A church's Koran burning would flout US strategy on Islam
Soon after the 9/11 attacks, President George Bush made a strategic decision that the United States would embrace an interpretation of Islam as a peaceful religion. And that the US would also work with moderate Muslims to counter jihadists who distort their faith’s teachings.
Those who support a burning of the Koran – as the Dove Outreach Center in Gainesville, Fla., has planned to do on this 9/11 anniversary – obviously didn’t get the memo. Nor did those who still paint Islam as a threat to the world or to their own religion.
A debate over Islam’s true theology is one thing. But for nine years, the US has made a very pragmatic choice not to be afraid of Islam as a way to undermine those plotting another 9/11 attack.
It has worked. Fear, after all, is a tool of the terrorist. And the majority of the world’s 1.57 billion Muslims reject jihadist justification of violence. In fact, the majority of Muslims who want Islamic rule in their country support a democratic means to achieve it.
The tide of history is toward peaceful Islam, despite parts of the Koran (like the Bible) that can be read as inciting violence against those outside the faith.
President Obama has gone even further than Mr. Bush. He (a Christian) joined the mayor of New York City (a Jew) in supporting the right for a Muslim center and mosque to be built a few blocks from ground zero.
And Mr. Obama has also directly and eloquently spoken to the world’s Muslims. In his 2009 speech in Cairo, he talked of a new beginning, “one based upon the truth that America and Islam are not exclusive and need not be in competition.” He also cited shared principles of justice, tolerance, and the dignity of all human beings.
Branding Islam as something to be burned off the face of the earth is to warp the religion as much as the jihadist has in using violence in the name of Islam. The US has instead chosen to play to Islam’s peaceful side. It has asked Muslims to speak out loudly against violent radicals and to report those inclined toward violence.
And American military actions in Iraq, Afghanistan, and elsewhere are targeted not at Islam or Muslims but at people who directly threaten US interests. The US even tries to engage radical Muslims in those countries that eschew violence but advocate Islamic rule.
Al Qaeda has largely been on the defensive and on the run since 9/11, forced to rethink its use of violence. It has failed in its goal of rallying Muslims to overthrow their secular governments.
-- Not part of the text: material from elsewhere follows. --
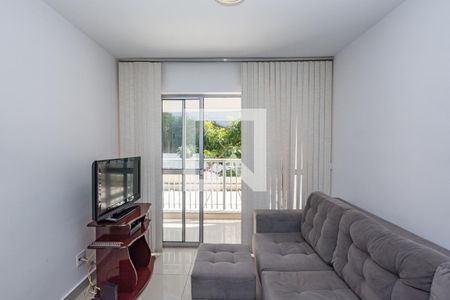 Sala de apartamento à venda com 3 quartos, 70m² em Caiçaras, Belo Horizonte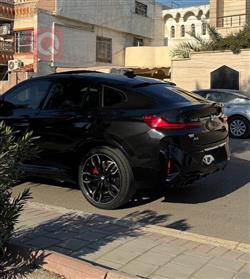 بی ئێم دەبڵیو X4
And it faces rising Muslim anger over its tactics (which include killing Muslims).
US success in tagging Al Qaeda as an organization known mainly for its actions – that of violence against civilians – has been complemented by a US strategy of tolerance toward Islam and not a rejection of the faith.
Those in the US who now want to undercut that strategy by burning the Koran or denying the right to build a mosque anywhere in lower Manhattan are going against nine years of American success. Why ruin it with a publicity stunt like the burning of Islam’s holy book?